Keechaka Vadham () is an Indian silent film produced, directed, filmed and edited by R. Nataraja Mudaliar. The first film to have been made in South India, it was shot in five weeks at Nataraja Mudaliar's production house, India Film Company. As the members of the cast were Tamils, Keechaka Vadham is considered to be the first Tamil film. No print of it is known to have survived, making it a lost film.

The screenplay, written by C. Rangavadivelu, is based on an episode from the Virata Parva segment of the Hindu epic Mahabharata, focusing on Keechaka's attempts to woo Draupadi. The film stars Raju Mudaliar and Jeevarathnam as the central characters.

Released in the late 1910s, Keechaka Vadham was commercially successful and received positive critical feedback. The film's success prompted Nataraja Mudaliar to make a series of similar historical films, which laid the foundation for the South Indian cinema industry and led to his being recognised as "the father of Tamil cinema." Nataraja Mudaliar's works were an inspiration to other filmmakers including Raghupathi Surya Prakasa and J. C. Daniel.

Plot 
Keechaka, the commander of King Virata's forces, attempts to woo and marry Draupadi by any means necessary; he even tries to molest Draupadi, prompting her to tell Bhima, her husband and one of the Pandava brothers, about it. Later, when Keechaka meets Draupadi, she requests him to rendezvous with her at a secret hiding place. He arrives there, only to find Bhima instead of Draupadi; Bhima kills him.

Cast 
Raju Mudaliar as Keechaka
Jeevarathnam as Draupadi

Production

Development 

R. Nataraja Mudaliar, a car dealer who was based in Madras, developed an interest in motion pictures after watching Dadasaheb Phalke's 1913 mythological film, Raja Harishchandra at the Gaiety theatre in Madras.
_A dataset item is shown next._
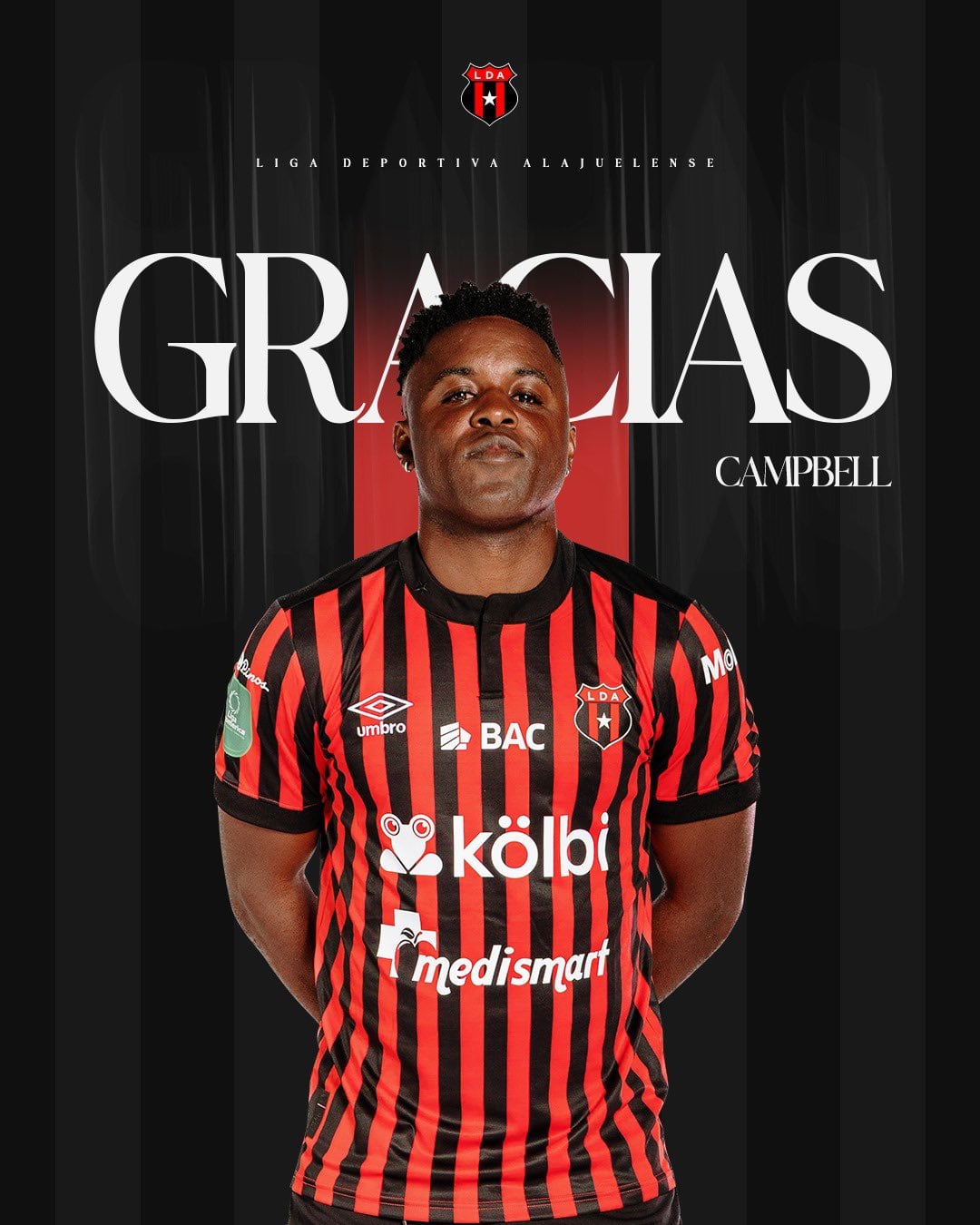 Liga Deportiva Alajuelense le dio las gracias a Joel Campbell.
The former then learned the basics of photography and filmmaking from Stewart Smith, a Poona-based British cinematographer who had worked on a documentary that chronicled the viceroyship of Lord Curzon
(1899–1905). Nataraja Mudaliar bought a Williamson 35 mm camera and printer from Mooppanar, a wealthy landowner based in Thanjavur, for 1,800. In 1915, he established the India Film Company, which was South India's first production company. He then set up a film studio on Miller's Road in Purasawalkam with the help of business associates who invested in his production house.

Nataraja Mudaliar sought advice from his friend, theatrical artist Pammal Sambandha Mudaliar, who suggested that he depict the story of Draupadi and Keechaka from the Virata Parva segment of the Hindu epic Mahabharata. Some of Nataraja Mudaliar's relatives objected, feeling that it was an inappropriate story for his debut venture, but Sambandha Mudaliar persuaded him to proceed with making the film as audiences were familiar with the story. Attorney C. Rangavadivelu, a close friend of Nataraja Mudaliar, assisted him in writing the screenplay as the latter was not a writer by profession. The paintings of Raja Ravi Varma provided Nataraja Mudaliar with a source of inspiration for recreating the story on celluloid. Nataraja Mudaliar cast stage actors Raju Mudaliar and Jeevarathnam as Keechaka and Draupadi, respectively.

Filming 
Keechaka Vadham was filmed on a budget of 35,000 (worth 6 crore in 2021 prices). Principal photography began in 1916–1917, and the film was shot over 35–37 days. Nataraja Mudaliar imported the film stock from London with the help of an Englishman named Carpenter, who worked for the Bombay division of the photographic technology company, Kodak. Film historian Randor Guy noted in his 1997 book Starlight Starbright: The Early Tamil Cinema that a thin white piece of cloth was used as a ceiling for filming and sunlight was filtered through it onto the floor. Rangavadivelu was also experienced in playing female roles on stage for the Suguna Vilasa Sabha, and coached the artists on set. The film's production, cinematography and editing were handled by Nataraja Mudaliar himself.

The film was shot with a speed of 16 frames per second, which was the standard rate for a silent film, at the India Film Company, with intertitles in English, Tamil and Hindi. The Tamil and Hindi intertitles were written by Sambandha Mudaliar and Devdas Gandhi respectively, while Nataraja Mudaliar wrote the English intertitles himself with the assistance of Guruswami Mudaliar and Thiruvengada Mudaliar, a professor from Pachaiyappa's College.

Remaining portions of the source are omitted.